YOUR ASSIGNMENT:
Please retype the listing below word for word and exclude its images.

RECORDED INFORMATION:
┏━━

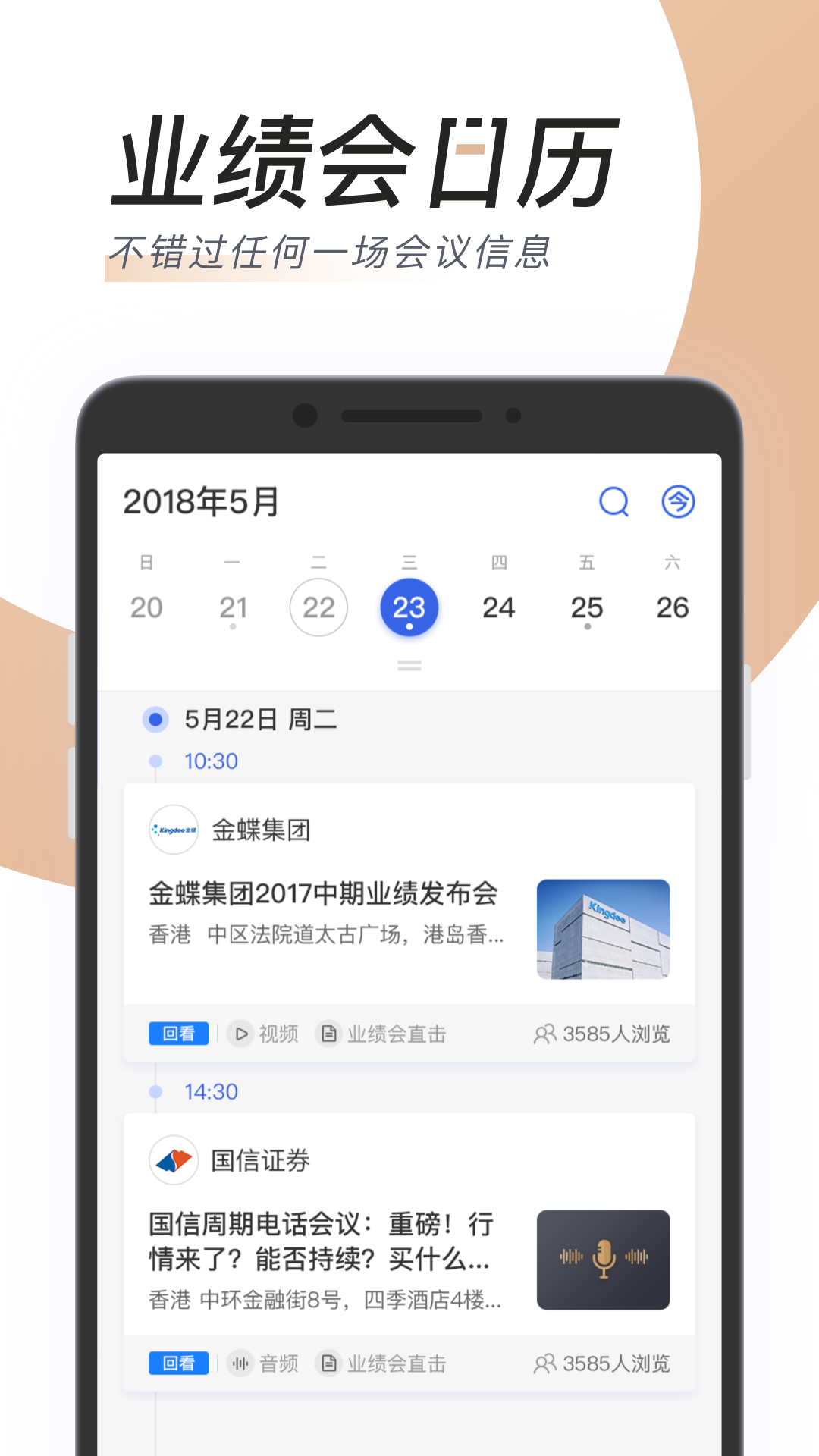 汇路演v3.7.12截图2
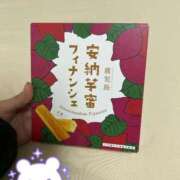ヒメ日記 2025/12/08 21:58 投稿 さやかさん いけない奥さん 十三店
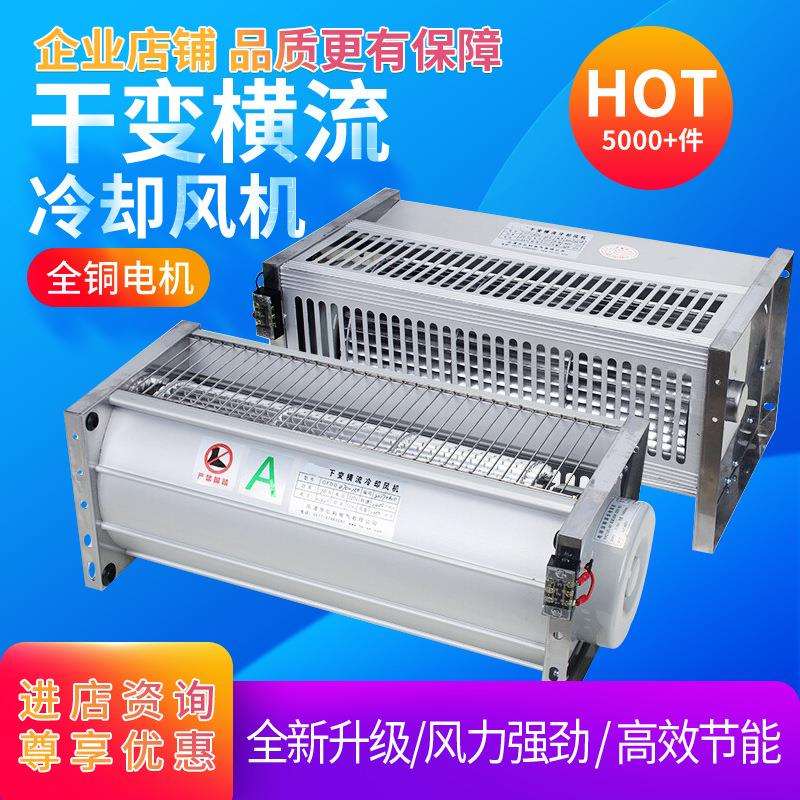 干式变压器横流冷却风机GFDD470-150 GFS470-155 582-155 590-150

┗━━

COMPLETED TASK:
 汇路演v3.7.12截图2
ヒメ日記 2025/12/08 21:58 投稿 さやかさん いけない奥さん 十三店
 干式变压器横流冷却风机GFDD470-150 GFS470-155 582-155 590-150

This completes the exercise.